Getting into the shallower ends of the thought pool, the Vancouver police officially blamed “anarchists” for starting the riot, and drunken youth for making it worse. And in a column that has been widely circulated and praised as the best thing written on the riots, National Post sportswriter Bruce Arthur took the most direct route, daring to suggest that of course the rioters were hockey fans, largely those possessed of an overload of “machismo and rage and nihilism.”

Arthur is closest to getting it right, but even he feels the urge to take it further, wondering what it is about the Lower Mainland, why  “this strain of poison leaches from a city that, while it has a bright line between rich and poor that grows brighter every day, is generally a good place.”
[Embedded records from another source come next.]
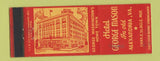 Matchbook Cover - Hotel George Mason Alexandria VA WEAR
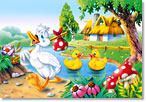 Castorland C60-06175 Пазл Гадкий утенок, 60 деталей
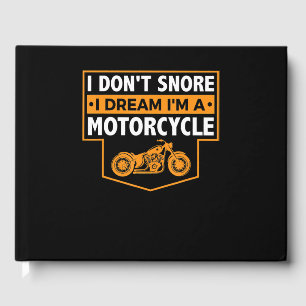Livre D'or Je N'Ai Pas Rêvé Que Je Rêve D'Être Une Moto Snork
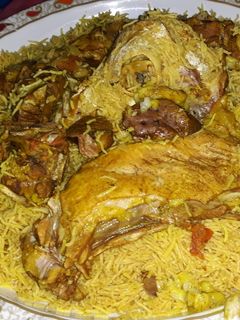 صورة لوصفة مكبوس لحم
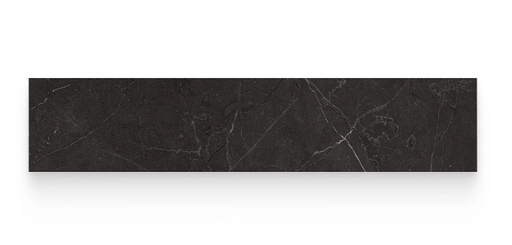 Full Liner Sample - Riviera Nero Venato Porcelain Bullnose - 3" x 12" x 9 MM Polished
Everyone, Arthur included, is over-thinking this way too much: Any proper discussion of the riot and why it occurred has to start with the recognition that rioting, especially for young men, is a huge amount of fun. The only reason there isn’t more of it is that if you do it by yourself or in a small group, you’ll almost certainly get caught. It’s like the old joke about owing the bank money: If you do five million dollars damage to downtown, you’re in big trouble. If a hundred thousand people do five million dollars to downtown, the city is in big trouble.

The point is that if you can get enough people to riot, then you all get away with it. The trick, then, is getting enough people willing to do it, in the same place and at the same time, to create a tipping point effect. And so when it comes to starting a riot, what the participants are faced with is essentially a coordination problem.

A coordination problem is a situation where all the relevant actors have a common goal, but there is imperfect information. We are collectively trying to achieve the same general outcome, but don’t know how each person is going to act to get to it. In the 1950s,  the economist Thomas Schelling described a situation in which two people wish to meet in New York City on a given day, but cannot communicate the time or place at which they should meet. How should they act? He suggested that beneath the clock at Grand Central Station at noon would be an ideal time and place– this is what he called a “focal point” for coordination. (He no longer believes this to be the case, though; it is interesting to think of where the focal point would be in New York City today, or in a given city of your choice.)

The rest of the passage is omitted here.